Will - Paddys Pale (American) will be back on tap in about a month. we don't put the word American on the tap as it sells better without it.
This week we are filtering a Wit & the Ceylonese Pale Ale, and brewing another batch of the Chocolate Porter.
Spoq - The topless waitresses are usually there from Tues - Fri 10am -2pm, they stay a bit later on Fridays I think. The beers are worth the trip but I reckon you could find better scenery closer to home!
Cheers
Gerard


----------



## spog (3/1/05)

ahhh c,mon gerard m. dont you go bursting my dirty dream bubble now,oh no oh noooo.


----------



## Weizguy (3/1/05)

So, GerardM, R U saying that the topless waitresses are, to be polite, um... plain-looking?
Your honesty is creditable.
Won't stop me from bringing some friends from Newcastle up to Paddy's.
Sethule
P.S. Do these waitresses know the words to "I Know What Boys Like"...?


----------



## Gerard_M (4/1/05)

Weiz
The Pilsner is still the favourite, with a new batch ready later next week.
Can't say I have seen a lingerie waitress that can beat a great beer in front of the cricket.
Cheers
Gerard


----------



## Cam (21/1/05)

Sorry for the ignorance - but which Paddy's is being mentioned here. I would love to try some of the beers talked about in this thread !


----------



## Bobby (21/1/05)

paddys on parramatta road flemington.


----------



## Vlad the Pale Aler (21/1/05)

Topless barmaids eh?
I have an idea for the next ahb brewday.........


----------



## Gerard_M (22/1/05)

Paddy's Brewery @ The Markets Hotel
268 Parramatta Road Flemington
Now on tap we have 
Amber Ale
Black Ale
Choc Porter
Pilsner
Wheat
Summer Ale ( Was called Ceylonese Ale)
All of our beers are created from only Malted barley/wheat , hops , yeast & water. Nothing at all artificial. The same can not be said for the lingerie waitresses. Quite often you will find they contain artificial additives !

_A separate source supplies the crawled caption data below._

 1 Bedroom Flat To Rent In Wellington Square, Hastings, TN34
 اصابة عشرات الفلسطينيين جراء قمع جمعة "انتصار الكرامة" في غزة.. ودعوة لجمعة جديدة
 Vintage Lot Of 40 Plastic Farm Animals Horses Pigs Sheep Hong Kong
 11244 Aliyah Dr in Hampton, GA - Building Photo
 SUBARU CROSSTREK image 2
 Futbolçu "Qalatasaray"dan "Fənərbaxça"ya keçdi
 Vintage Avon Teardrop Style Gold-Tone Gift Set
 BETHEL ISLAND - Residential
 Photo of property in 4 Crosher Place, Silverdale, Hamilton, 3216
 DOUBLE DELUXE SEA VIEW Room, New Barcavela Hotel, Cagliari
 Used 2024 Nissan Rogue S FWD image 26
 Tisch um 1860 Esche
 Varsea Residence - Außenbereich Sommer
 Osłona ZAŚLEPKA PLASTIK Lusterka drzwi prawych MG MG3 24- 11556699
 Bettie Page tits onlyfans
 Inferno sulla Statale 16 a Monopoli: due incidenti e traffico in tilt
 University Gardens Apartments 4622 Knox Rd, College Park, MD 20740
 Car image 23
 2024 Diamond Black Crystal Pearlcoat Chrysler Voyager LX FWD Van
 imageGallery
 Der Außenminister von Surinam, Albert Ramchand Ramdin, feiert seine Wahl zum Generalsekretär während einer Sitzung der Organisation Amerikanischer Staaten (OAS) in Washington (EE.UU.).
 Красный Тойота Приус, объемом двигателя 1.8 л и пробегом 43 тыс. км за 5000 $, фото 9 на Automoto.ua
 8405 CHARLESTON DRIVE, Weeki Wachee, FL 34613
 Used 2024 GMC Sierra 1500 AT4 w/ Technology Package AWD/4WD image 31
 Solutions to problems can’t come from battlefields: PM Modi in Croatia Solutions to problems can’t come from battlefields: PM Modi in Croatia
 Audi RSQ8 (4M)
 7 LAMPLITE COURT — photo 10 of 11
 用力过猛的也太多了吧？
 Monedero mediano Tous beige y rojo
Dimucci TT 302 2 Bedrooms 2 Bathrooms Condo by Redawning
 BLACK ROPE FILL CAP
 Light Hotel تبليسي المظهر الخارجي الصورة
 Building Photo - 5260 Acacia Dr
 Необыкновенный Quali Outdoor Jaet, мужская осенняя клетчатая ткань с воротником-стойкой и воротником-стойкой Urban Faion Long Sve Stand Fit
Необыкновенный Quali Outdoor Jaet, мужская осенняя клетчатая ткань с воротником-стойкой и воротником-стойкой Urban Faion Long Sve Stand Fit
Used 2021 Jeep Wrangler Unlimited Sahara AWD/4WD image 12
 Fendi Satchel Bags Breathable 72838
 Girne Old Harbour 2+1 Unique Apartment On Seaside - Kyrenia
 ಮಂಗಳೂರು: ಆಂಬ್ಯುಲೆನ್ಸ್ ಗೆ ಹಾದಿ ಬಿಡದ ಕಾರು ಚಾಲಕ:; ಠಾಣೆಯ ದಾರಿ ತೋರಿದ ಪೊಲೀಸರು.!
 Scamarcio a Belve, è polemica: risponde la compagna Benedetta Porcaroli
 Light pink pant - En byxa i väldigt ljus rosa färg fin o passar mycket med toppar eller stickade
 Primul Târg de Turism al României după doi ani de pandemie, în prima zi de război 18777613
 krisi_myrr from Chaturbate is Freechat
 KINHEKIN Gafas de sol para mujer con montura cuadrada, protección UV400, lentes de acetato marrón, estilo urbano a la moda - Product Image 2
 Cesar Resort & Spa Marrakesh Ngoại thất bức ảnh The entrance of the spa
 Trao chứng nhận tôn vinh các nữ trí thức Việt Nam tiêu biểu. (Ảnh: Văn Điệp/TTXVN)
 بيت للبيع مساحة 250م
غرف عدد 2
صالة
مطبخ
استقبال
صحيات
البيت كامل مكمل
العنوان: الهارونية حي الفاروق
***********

We have 2 batches of Porter in waiting to meet the filter at the moment.
The first is the normal Choc Porter that we have on tap at Paddy's. The other batch is a little darker and a little roasty. Bit of a mocha flavour to it. This is the Porter that is on tap at Gearins Hotel at Katoomba.
Cheers
Gerard


----------



## Kingy (17/2/08)

stumbled upon this place today accidently, was just driving past and noticed the sign "Boutique brewery", me and the missus called in (after doing some dodgy "u" turns on parramata road and surrounding streets). 

I had a choc porter and it was awesome except my taste buds where fairly shot from last nights effort.

The missus had the pilsner which after the bar maid wasted about 8 schooners trying to fill a schooner with froth tasted reasonably well. Choc porter was way better IMO.
If i didnt have to drive i wouldve settled in to a few more,plus the missus didnt like the bar maids attitude. (think the maid had an extremely high dose of caffiene)

As for topless waiters, it doesnt look like a sort of place where that type of behaviour would still be acceptable. LOL


----------



## oldbugman (17/2/08)

did they still have the 'lichee pilsner' on tap?
cant imagine them running out of it


----------